超世無上に摂取し 選択五劫思惟して 光明・寿命の誓願(第十二願の「光明無量の願」と第十三願の「寿命無量の願」)を 大悲の本としたまへり(第19首)

一切衆生すくわんと、五劫のあいだ思惟して、光明・寿命の誓願を、大悲のもととしたまえり

ここで弥陀の悲願として「光明無量の願」と「寿命無量の願」が上げられます。「アミターバ(無量のひかり)」と「アミターユス(無量のいのち)」としての阿弥陀仏が登場してくるのです。

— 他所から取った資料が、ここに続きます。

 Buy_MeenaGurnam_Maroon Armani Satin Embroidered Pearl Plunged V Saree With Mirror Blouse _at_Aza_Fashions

実体としての「わたし」が骨身にまで染み込んでいる思い込みにすぎないことを見てきましたが、その思いに骨の髄まで囚われていることは「わたし」がみずから知ることはできず、阿弥陀仏から気づかせてもらうしかないことを、浄土門は教えてくれるのです。実体としての「わたし」への囚われは、実際には「わがもの」への囚われとして現れますが、そのことを自分で知ることはかないません。それは外部から気づかせてもらうしかありませんが、その外部を浄土門は「アミターバ」「アミターユス」として形象化して教えてくれるのです。

初期経典において釈迦はこんなふうに言います、「『わたしには子がある。わたしには財がある』と思って愚かな者は悩む。しかしすでに自己が自分のものではない。ましてどうして子が自分のものであろうか。どうして財が自分のものであろうか」(『ダンマパダ』第5章「愚かな人」)と。実体としての「わたし」があるという思いに囚われていることから、「わが子」、「わが財」に囚われることになり、それがあらゆる苦しみの根源であることを釈迦は明らかにしてくれました。さて釈迦はこの囚われを彼みずから知ることができたのでしょうか。もしそうだとしますと、彼はもう囚われの外部にいたとしか考えることができませんが、それは釈迦をわれらとはまったく異質の存在として特別扱いすることです。彼もまたわれらと同じ人間であるとしますと、それをどこかから気づかされたと考えるしかありませんが、浄土の教えはそれを「アミターバ」「アミターユス」からと教えてくれるのです。